_WORK REQUIRED_
Copy the data exactly, pictures aside.
INPUT START
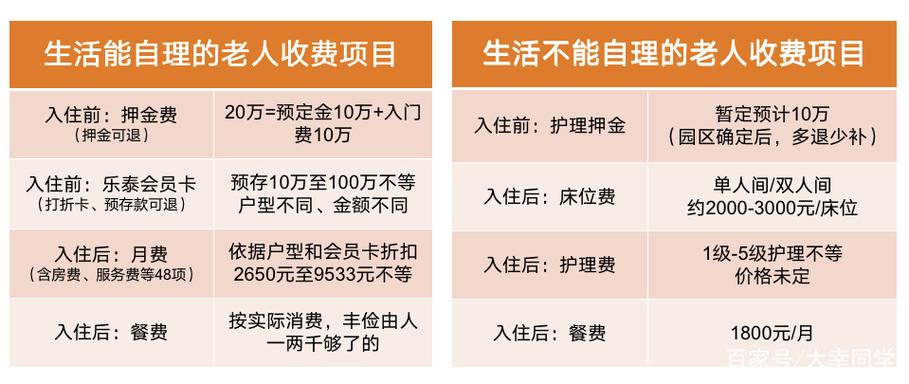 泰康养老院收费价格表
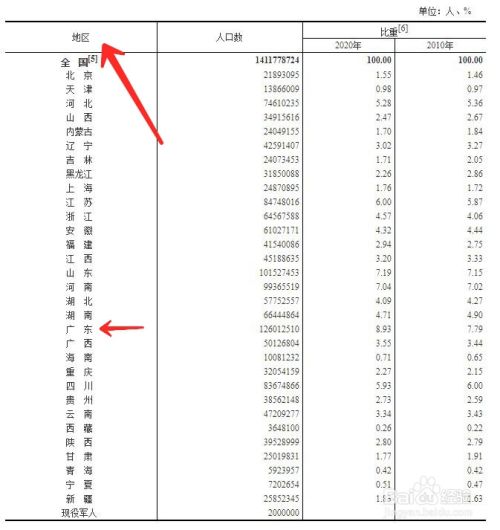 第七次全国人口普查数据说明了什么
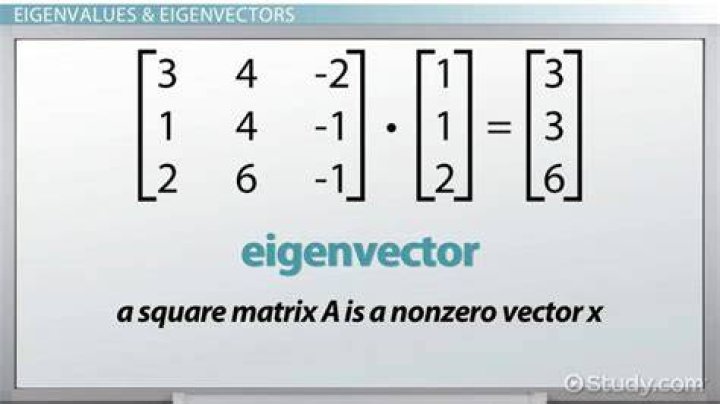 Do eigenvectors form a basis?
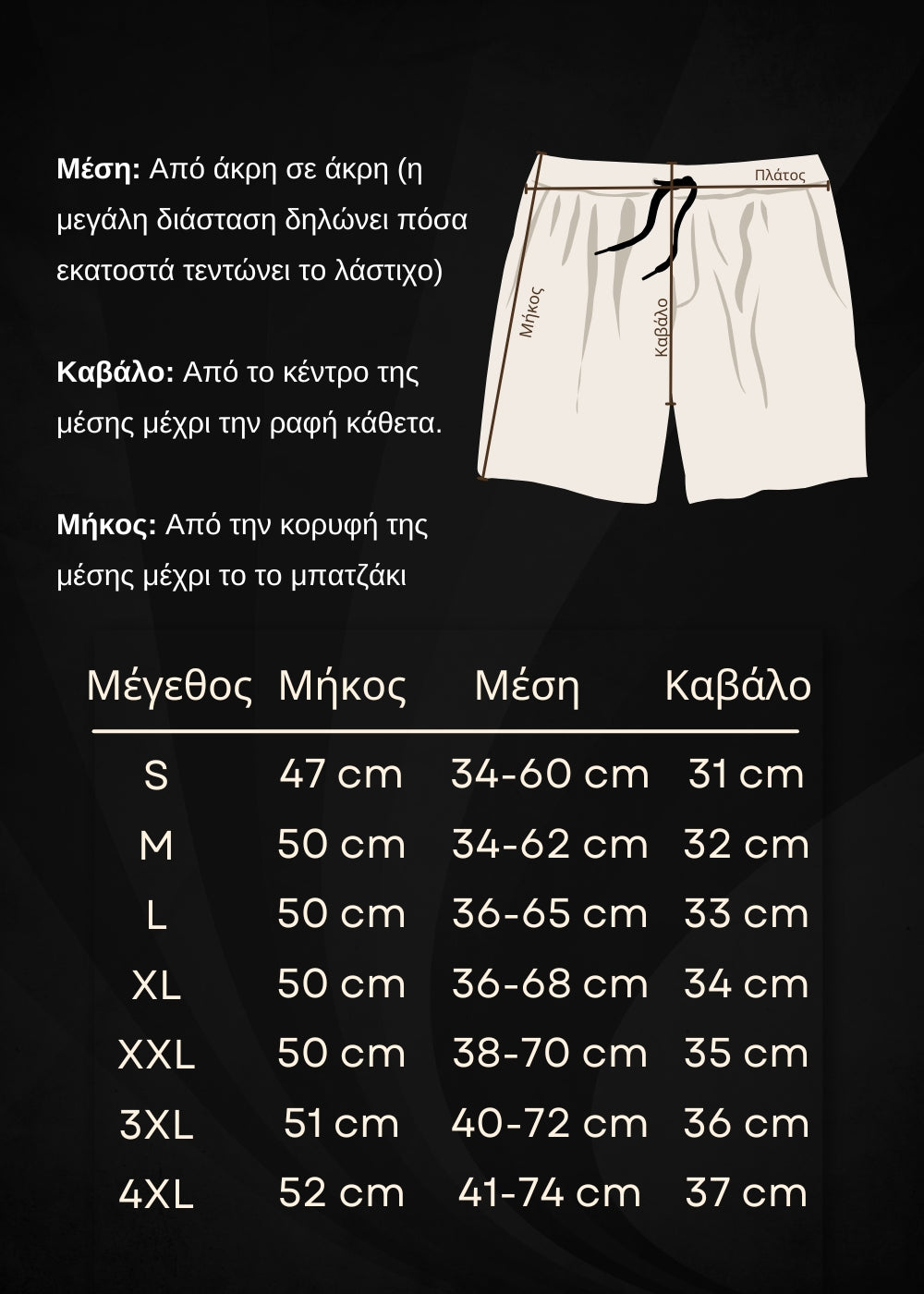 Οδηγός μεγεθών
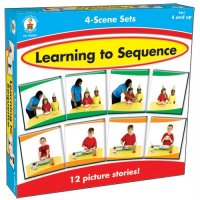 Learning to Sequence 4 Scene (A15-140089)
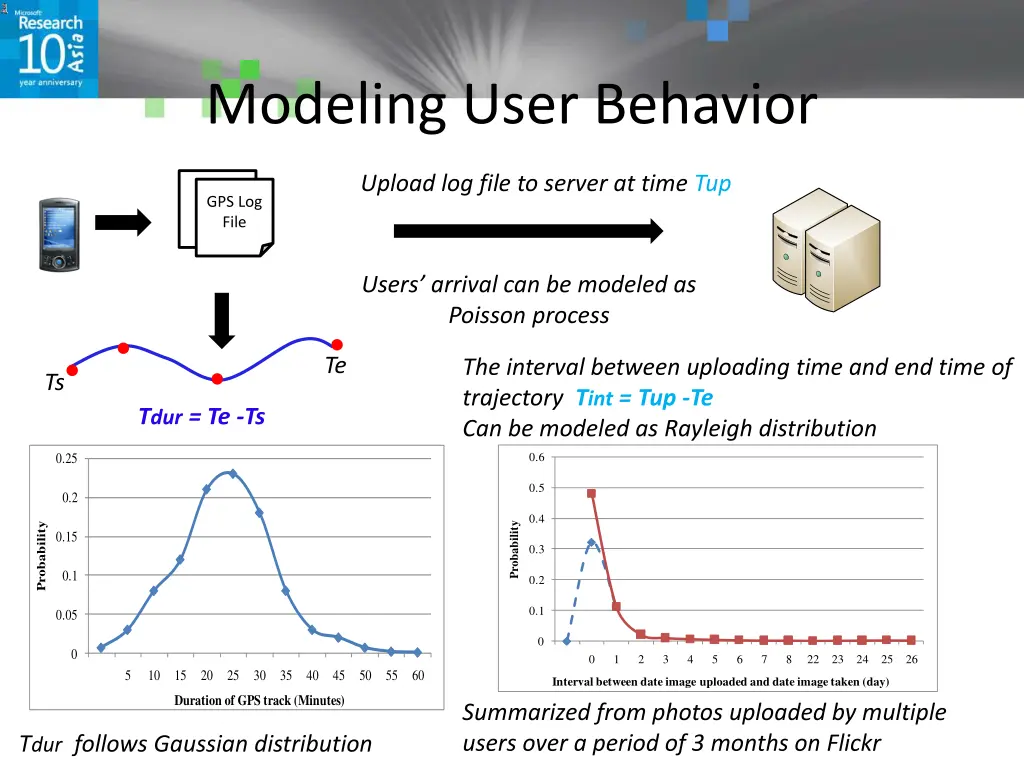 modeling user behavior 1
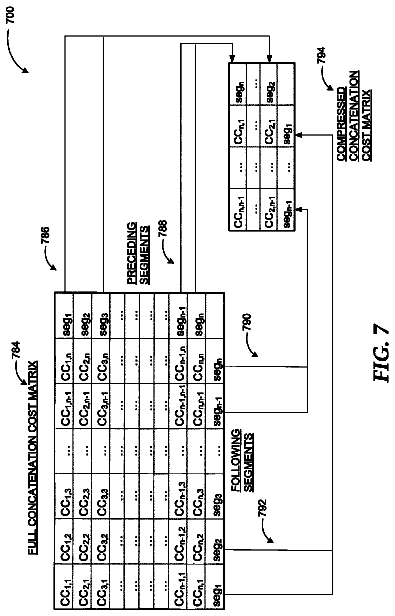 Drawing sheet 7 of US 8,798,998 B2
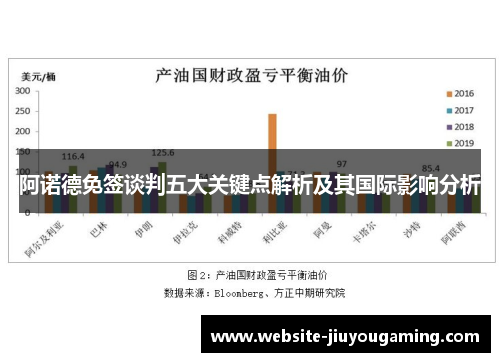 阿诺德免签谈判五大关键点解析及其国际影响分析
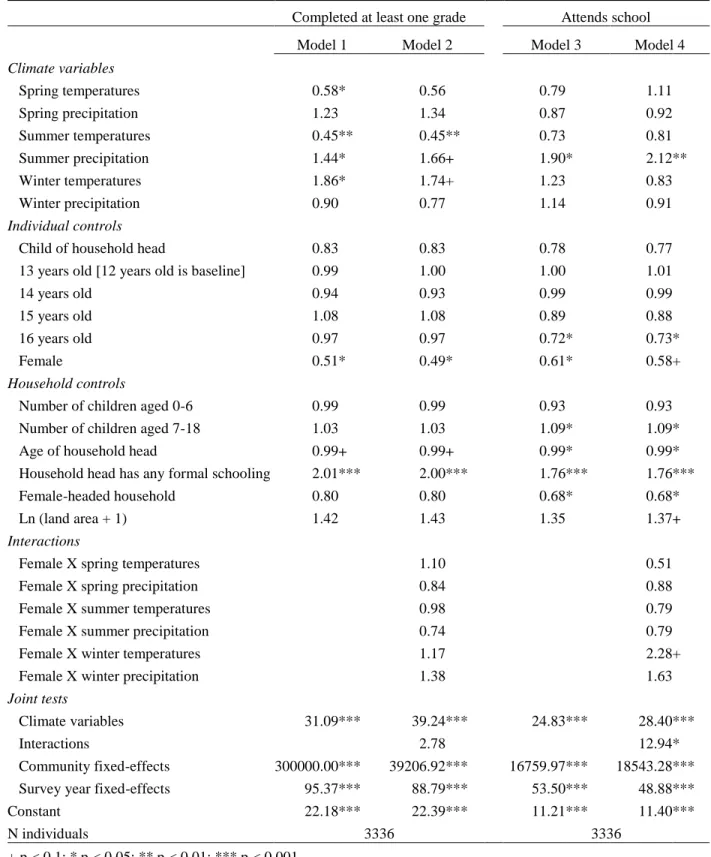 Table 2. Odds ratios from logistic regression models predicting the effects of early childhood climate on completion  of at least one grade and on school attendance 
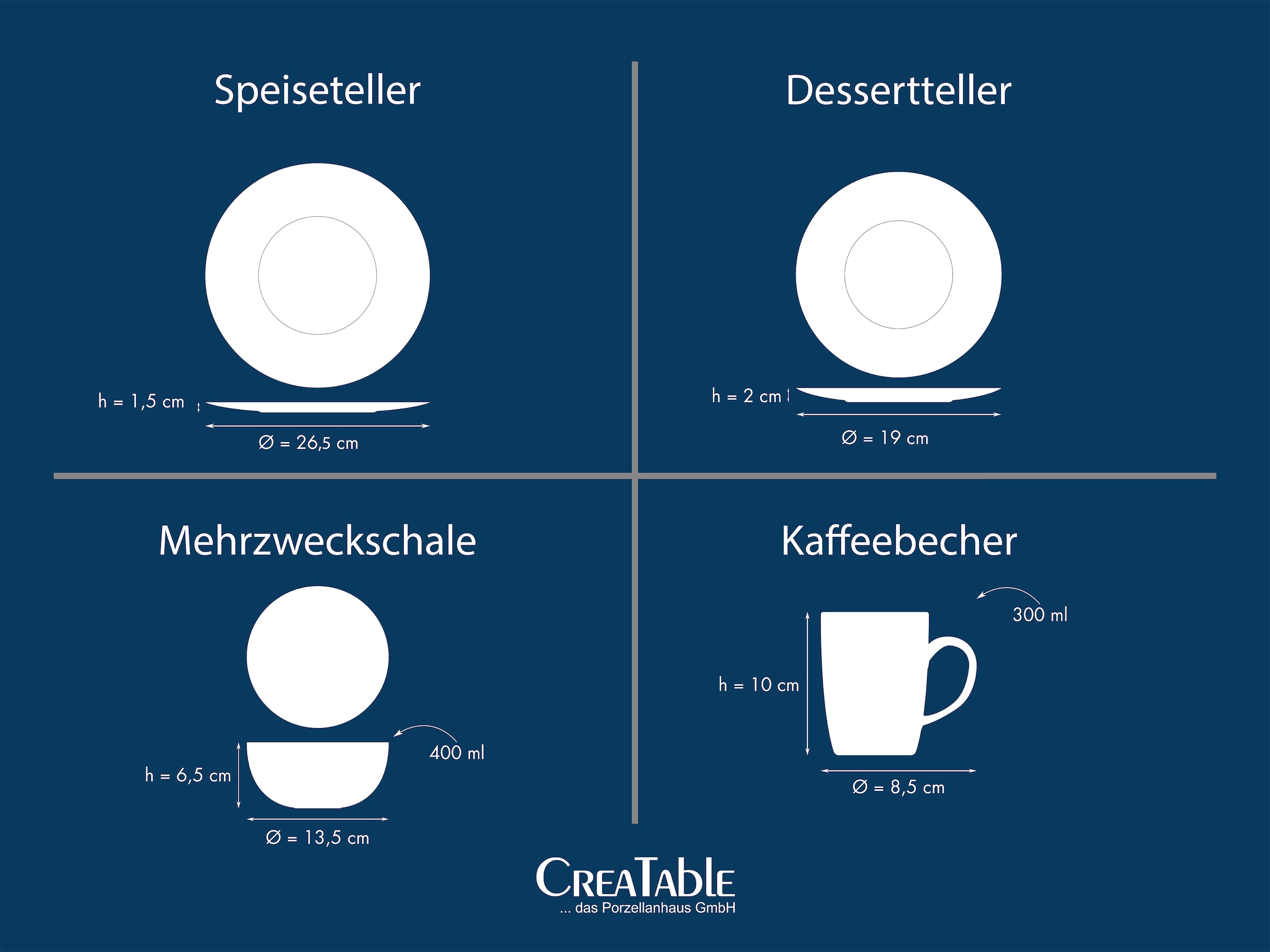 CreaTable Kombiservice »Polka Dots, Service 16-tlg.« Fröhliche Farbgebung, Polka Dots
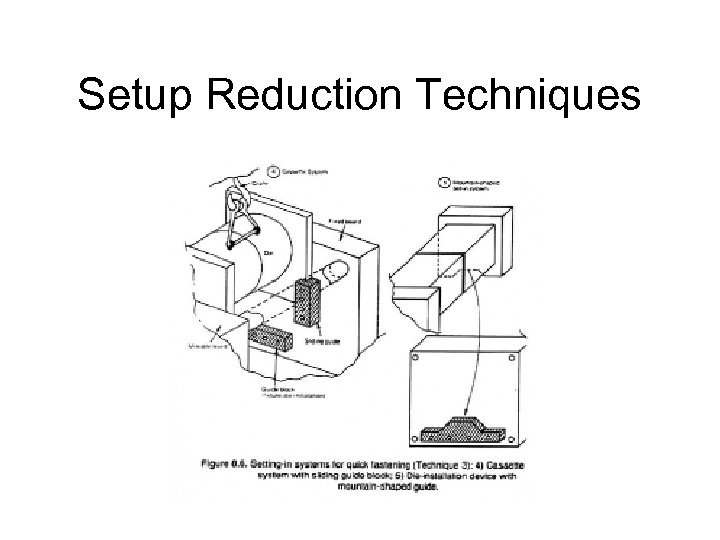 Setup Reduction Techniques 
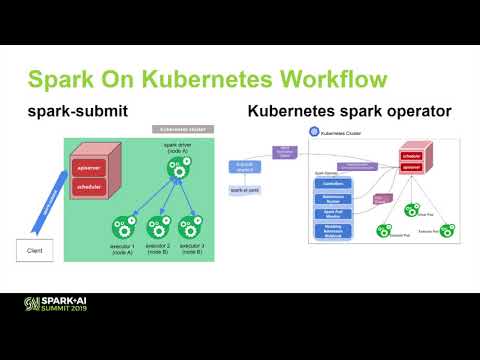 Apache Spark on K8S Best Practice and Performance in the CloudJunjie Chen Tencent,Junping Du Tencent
INPUT END
_WORKED SOLUTION_
 泰康养老院收费价格表
 第七次全国人口普查数据说明了什么
 Do eigenvectors form a basis?
 Οδηγός μεγεθών
 Learning to Sequence 4 Scene (A15-140089)
 modeling user behavior 1
 Drawing sheet 7 of US 8,798,998 B2
 阿诺德免签谈判五大关键点解析及其国际影响分析
 Table 2. Odds ratios from logistic regression models predicting the effects of early childhood climate on completion  of at least one grade and on school attendance 
 CreaTable Kombiservice »Polka Dots, Service 16-tlg.« Fröhliche Farbgebung, Polka Dots
 Setup Reduction Techniques 
 Apache Spark on K8S Best Practice and Performance in the CloudJunjie Chen Tencent,Junping Du Tencent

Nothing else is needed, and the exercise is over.